Enter via these stairs on William St. Just ask the security to point you towards the AHS meeting location.
Doors open at 7pm, with the first speaker kicking off at 7:30.

WooHoo!


More info:
http://www.ahs.org.au/meetings.php
http://www.ahs.org.au/calendar.php


As always, we'll be meeting up probably beforehand at the local pub, just down the road from the Museum, on the corner of William St and Yurong St.
Definitely headed there after the meeting too


----------



## reptilegirl_jordan (Sep 21, 2008)

i shall be there duke!
see you there mate.


----------



## Riley (Sep 21, 2008)

damn i cant go!!


----------



## slip_phreak (Sep 21, 2008)

i dont tihnk i'll make it to the meeting in time but i should be able to get to the pub since i've got tafe on that night.


----------



## Gavin (Sep 21, 2008)

what is the AHS meeting??:shock:


----------



## RedEyeGirl (Sep 21, 2008)

Wish I could come :'(


----------



## Hetty (Sep 21, 2008)

Gavin said:


> what is the AHS meeting??:shock:



Have a look at the links Duke provided.

As usual, I'll be there


----------



## reptilegirl_jordan (Sep 21, 2008)

Hetty said:


> Have a look at the links Duke provided.
> 
> As usual, I'll be there


 see you there hetty :lol:


----------



## Hetty (Sep 21, 2008)

reptilegirl_jordan said:


> see you there hetty :lol:



Yup, and this time _I'll_ have the creaming soda :lol:


----------



## reptilegirl_jordan (Sep 21, 2008)

Hetty said:


> Yup, and this time _I'll_ have the creaming soda :lol:


 hahaha.watch out for buggy then..shes the bad one.
should be a good meeting peoples


----------



## LullabyLizard (Sep 21, 2008)

I'll be coming like always


----------



## djfreshy (Sep 22, 2008)

Ofcourse you'ld say that slip!


----------



## Emzie (Sep 22, 2008)

ill try and come, never been to one so be nice if i do


----------



## slip_phreak (Sep 22, 2008)

djfreshy said:


> Ofcourse you'ld say that slip!


 haha whats that supposed to mean eh!   lol
who knows my exam might not take me that long so i could make it for part of the meeting like last time.. who knows..


----------



## mrillusion (Sep 22, 2008)

can i come if i can but im only 14 is that OK?
will will probably be by myself


----------



## spongebob (Sep 22, 2008)

mrillusion,
They are a friendly bunch so dont worry.

Pity i cant make as it's my sons birthday.


----------



## Riley (Sep 22, 2008)

mrillusion said:


> can i come if i can but im only 14 is that OK?
> will will probably be by myself


im a member of ahs and i go to the meetings. im only 13 (turning 14).


----------



## Nikki. (Sep 22, 2008)

90% chance that i'll be going XP


----------



## grimbeny (Sep 22, 2008)

Yea illusion, the meeting is for all ages. 
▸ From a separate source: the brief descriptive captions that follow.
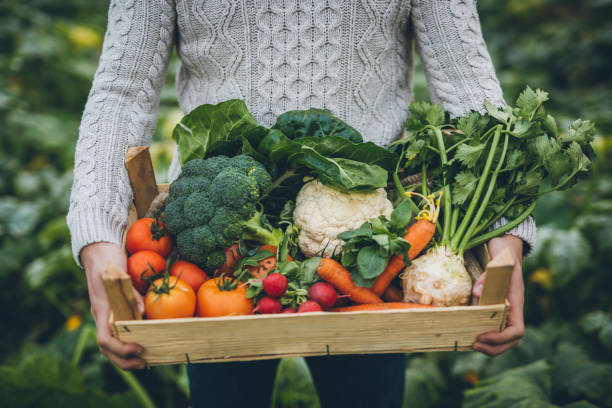 joven agricultor con caja llena de verduras - frescura fotografías e imágenes de stock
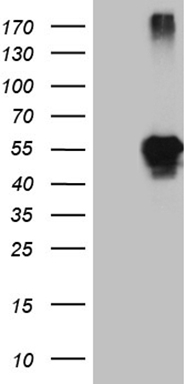 ADH5 Antibody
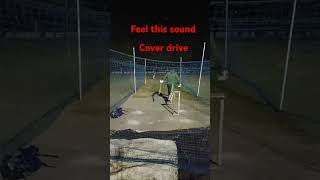 Cover drive cricket shortsfeed viralvideo shorts ipl trending [upl. by Ahsenrad]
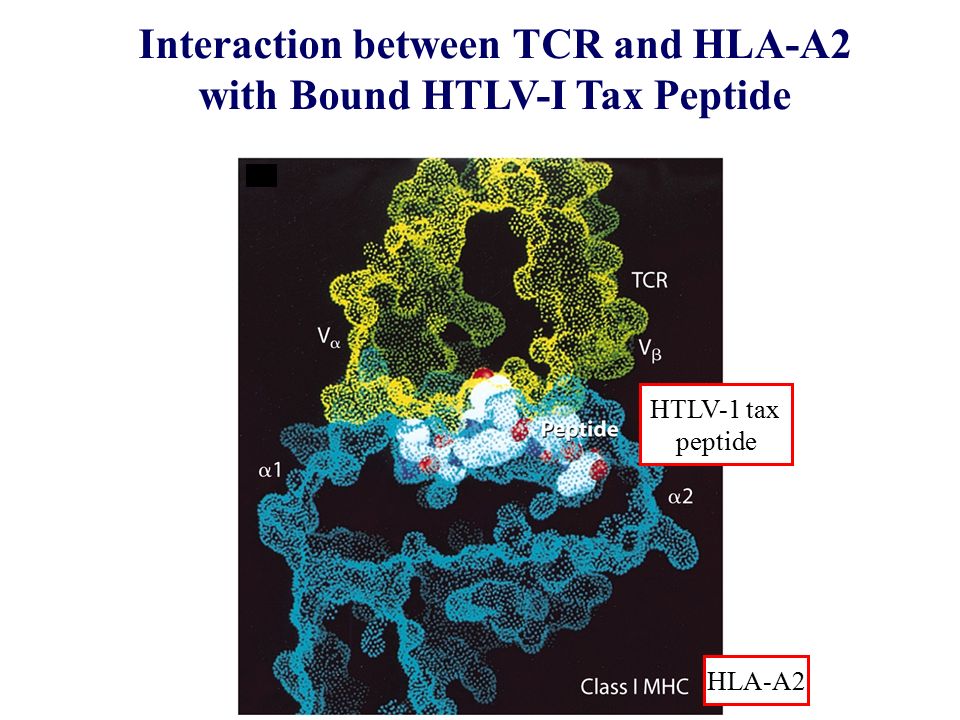 Interaction between TCR and HLA-A2 with Bound HTLV-I Tax Peptide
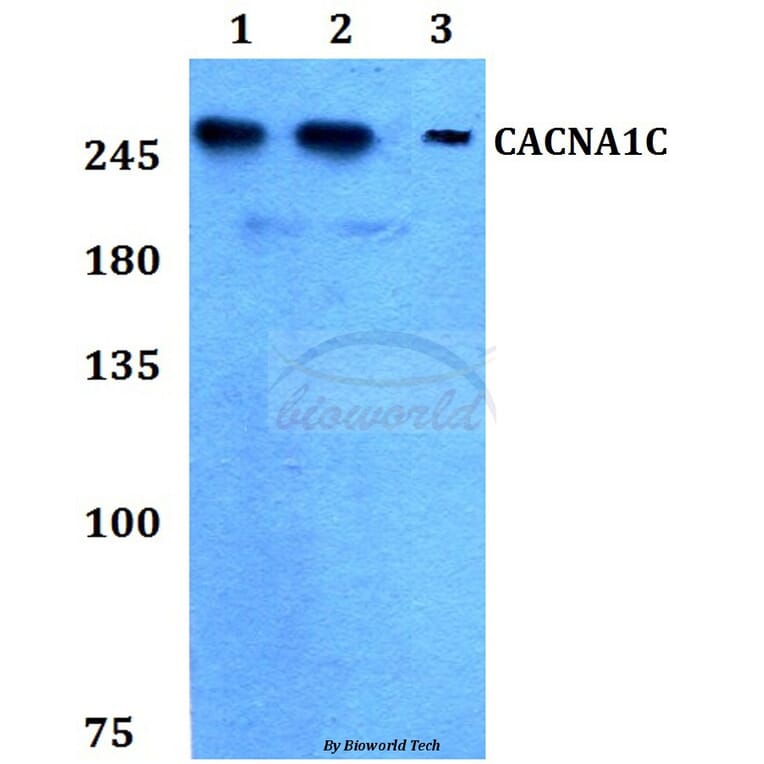 Anti-CACNA1C Antibody from Bioworld Technology (BS60266) - Antibodies.com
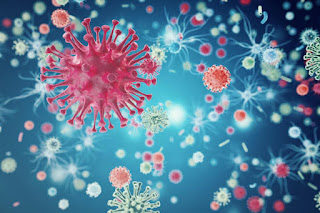Virus lạ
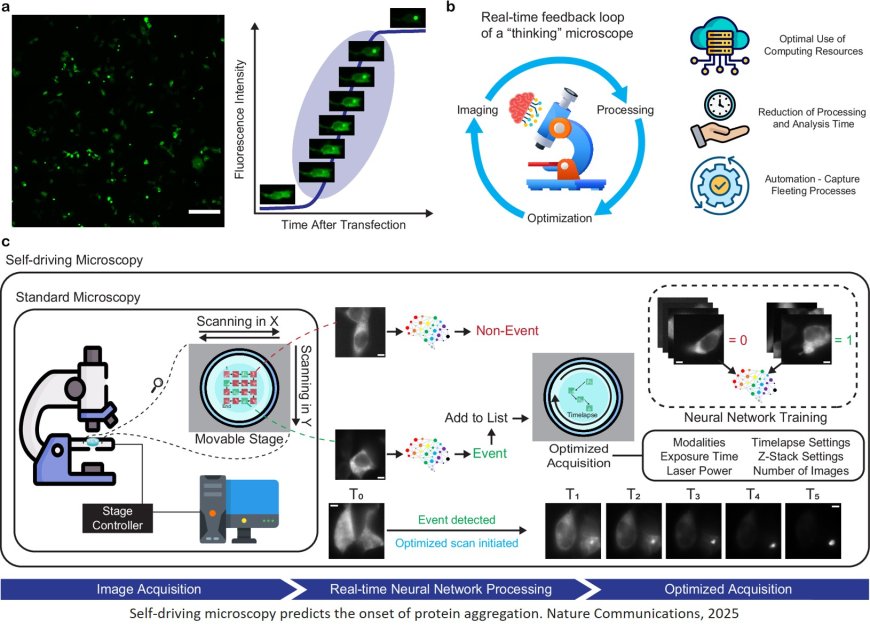 Smart microscope captures aggregation of misfolded proteins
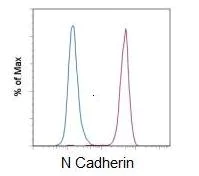 Flow Cytometry - PE Anti-N Cadherin antibody [8C11] (AB93525)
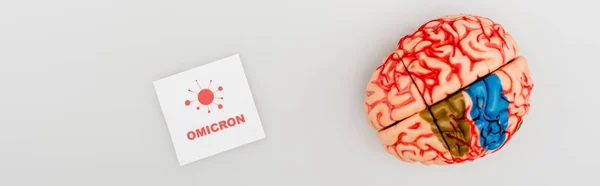 Top view of brain model near card with omicron lettering and bacteria icon on grey, banner — Foto stock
I shall be there with bells on. Not litterally ofcourse.


----------



## LullabyLizard (Sep 22, 2008)

I've ben going since I was 12


----------



## Hickson (Sep 22, 2008)

I can't make it - working on Wednesday night. Damn!!!!!



Hix


----------



## Leigh (Sep 22, 2008)

i'll be there, so will Rocky. it'll be good.


----------



## Hetty (Sep 22, 2008)

Hix said:


> I can't make it - working on Wednesday night. Damn!!!!!
> 
> 
> 
> Hix



Oh Hix, that's awful.. who will we talk about fudge and chilli with?


----------



## Rocky (Sep 22, 2008)

grimbeny said:


> Yea illusion, the meeting is for all ages.
> 
> I shall be there with bells on. Not litterally ofcourse.



I wouldn't put it past you.



Leigh said:


> i'll be there, so will Rocky. it'll be good.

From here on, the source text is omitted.